Kosovo Village Remembers 106 Civilians Killed in 1999 War

Officials and local residents in Pastasel/Pusto Selo, a village in the Rahovec/Orahovac municipality, commemorated the 22nd anniversary on Wednesday of a massacre of 106 civilians during the Kosovo war in 1999.

"This massacre, and many others that we are commemorating these days all over Kosovo, reminds us of the price we paid for Kosovo's freedom, but it makes us more determined to not make any compromise with freedom, independence and our state," said Acting President Glauk Konjufca, who paid tribute at the village memorial.

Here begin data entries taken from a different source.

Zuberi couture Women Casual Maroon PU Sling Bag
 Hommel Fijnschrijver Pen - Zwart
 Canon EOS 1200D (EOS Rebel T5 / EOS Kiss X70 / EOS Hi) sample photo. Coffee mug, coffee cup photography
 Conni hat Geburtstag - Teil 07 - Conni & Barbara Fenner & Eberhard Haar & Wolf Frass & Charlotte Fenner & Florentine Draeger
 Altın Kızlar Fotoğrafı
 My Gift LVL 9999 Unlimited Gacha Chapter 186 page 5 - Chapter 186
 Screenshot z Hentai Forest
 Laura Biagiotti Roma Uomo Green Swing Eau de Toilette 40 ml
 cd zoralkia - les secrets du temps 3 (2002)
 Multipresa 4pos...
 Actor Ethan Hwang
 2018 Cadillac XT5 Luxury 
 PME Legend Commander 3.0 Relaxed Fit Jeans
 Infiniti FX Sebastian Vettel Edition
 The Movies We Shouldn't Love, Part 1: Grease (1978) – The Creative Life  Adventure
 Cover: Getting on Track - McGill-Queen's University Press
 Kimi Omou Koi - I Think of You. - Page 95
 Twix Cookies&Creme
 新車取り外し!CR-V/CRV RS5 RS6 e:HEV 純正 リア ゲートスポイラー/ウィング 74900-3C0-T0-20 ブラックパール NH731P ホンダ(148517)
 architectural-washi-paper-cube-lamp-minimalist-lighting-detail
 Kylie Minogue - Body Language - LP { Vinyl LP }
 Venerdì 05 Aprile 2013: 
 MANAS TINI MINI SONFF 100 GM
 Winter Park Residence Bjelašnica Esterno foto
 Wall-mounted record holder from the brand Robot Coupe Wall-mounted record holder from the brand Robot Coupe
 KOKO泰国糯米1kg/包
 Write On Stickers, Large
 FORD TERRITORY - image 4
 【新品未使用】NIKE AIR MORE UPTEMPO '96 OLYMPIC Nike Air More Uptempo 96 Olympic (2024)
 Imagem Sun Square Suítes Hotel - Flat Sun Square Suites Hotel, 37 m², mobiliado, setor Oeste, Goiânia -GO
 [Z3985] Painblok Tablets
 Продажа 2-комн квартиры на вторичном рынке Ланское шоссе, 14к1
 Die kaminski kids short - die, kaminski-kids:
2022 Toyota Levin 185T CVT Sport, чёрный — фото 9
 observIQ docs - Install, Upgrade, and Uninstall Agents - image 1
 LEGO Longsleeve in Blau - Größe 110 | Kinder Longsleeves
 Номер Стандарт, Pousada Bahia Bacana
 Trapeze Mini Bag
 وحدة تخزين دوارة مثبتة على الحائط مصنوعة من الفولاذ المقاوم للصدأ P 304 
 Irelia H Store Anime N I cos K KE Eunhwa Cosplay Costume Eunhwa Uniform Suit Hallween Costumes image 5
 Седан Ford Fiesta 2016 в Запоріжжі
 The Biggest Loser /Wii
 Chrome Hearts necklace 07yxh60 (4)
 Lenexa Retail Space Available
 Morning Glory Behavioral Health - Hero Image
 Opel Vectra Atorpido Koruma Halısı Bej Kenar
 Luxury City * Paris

"The Serbian state did not even spare children in this massacre. This shows how monstrous [Yugoslav President] Slobodan Milosevic was," Konjufca added.

On the afternoon of March 31, 1999, Serbian military, paramilitary and police forces surrounded the village of around 100 homes, which in previous weeks had doubled its population as many people who had been displaced from other villages by the war had arrived to seek refuge.

Eyewitnesses say that after throwing grenades for an hour, the Serbian forces gathered the locals in a field, separated men from women and began shooting.

"They separated people in groups by 30, depending on their age. Nobody survived from the first group. There were four groups in total, I was in the third group," 77-year-old survivor Tahir Krasniqi said on Wednesday.

The mayor of Rahovec/Orahovac, Smajl Latifi, also paid tribute to the victims.

"Those who were killed were first buried by local residents, but Serb forces exhumed them days afterwards and burned some of the corpses in an attempt to hide the crime," Latifi said.

"Unfortunately, this crime still remains unpunished," he added, calling on Kosovo's judiciary to investigate the crimes.